Masyarakat hanya peduli, Timnas kembali ada di lapangan, berkeringat mengejar bola untuk rakyat Indonesia. Kita pun semakin bahagia dengan kemenangan 3-0 yang mampu diraih atas pasukan Harimau Malaya.
Kembali, tak ada satupun yang sibuk beropini mengenai belum padunya penampilan Timnas. Tidak pula ada yang repot terganggu karena pemain-pemain debutan tak maksimal menjalankan peran. Masyarakat hanya peduli, sang Garuda sudah bisa kembali ke angkasa.
Sangat bijak untuk menganggap kemenangan tiga gol tanpas balas atas tim tamu sebagai sebuah hadiah. Pun demikian, tak kalah bijak jika memaklumi performa Timnas yang pada laga tersebut terbilang biasa-biasa saja.
Wajar jika permainan Irfan Bachdim dan kawan-kawan masih belum eksplosif. Setahun setengah terkurung, otot-otot Garuda tentu masih kaku. Terpenting, Garuda sudah kembali mengangkasa. Kepakan pada laga pertama berjalan cukup baik, selanjutnya semua masih bisa dibenahi.
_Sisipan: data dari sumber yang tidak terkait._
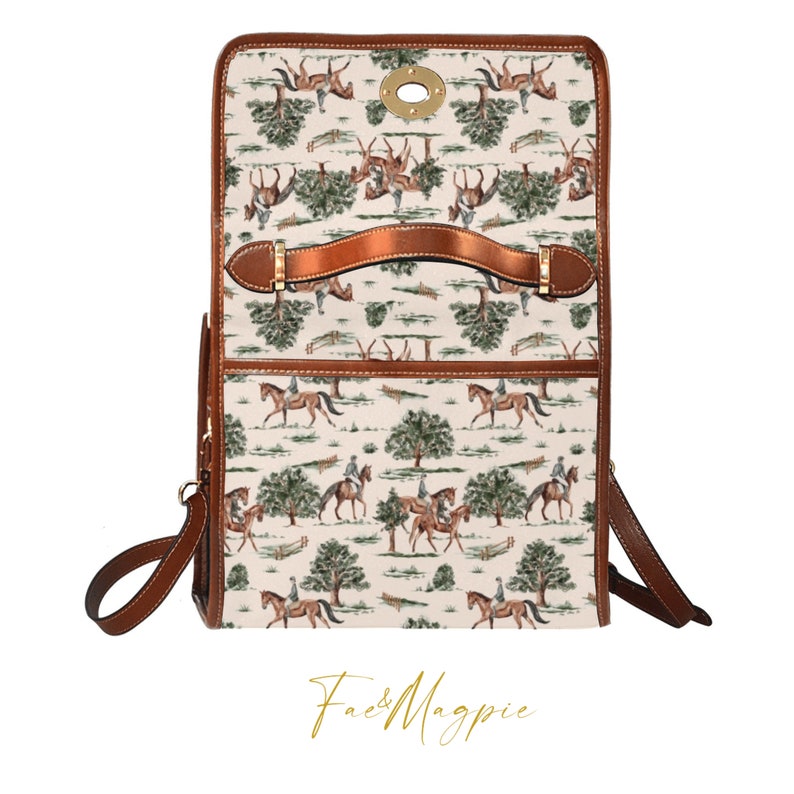 K&ouml;nnte beinhalten: Eine braune Ledertasche mit einem wei&szlig;en Canvas-Druck von Pferden und Reitern, die &uuml;ber Hindernisse springen. Die Tasche hat einen oberen Griff und einen langen Schultergurt. Die Tasche wird mit einer Messing-Schnalle geschlossen. Die Tasche hat den Text "Fae & Magpie" auf der Unterseite gedruckt.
Jika berbicara soal gelaran resmi perdana pasca lama absen, yakni Piala AFF di Myanmar November nanti, tentu masih cukup waktu untuk mengembakan kemampuan. Andaipun tak optimal meraih prestasi, itu masih bisa dinilai normal karena tentu saja, sang Garuda masih perlu waktu untuk kembali fasih mengangkasa.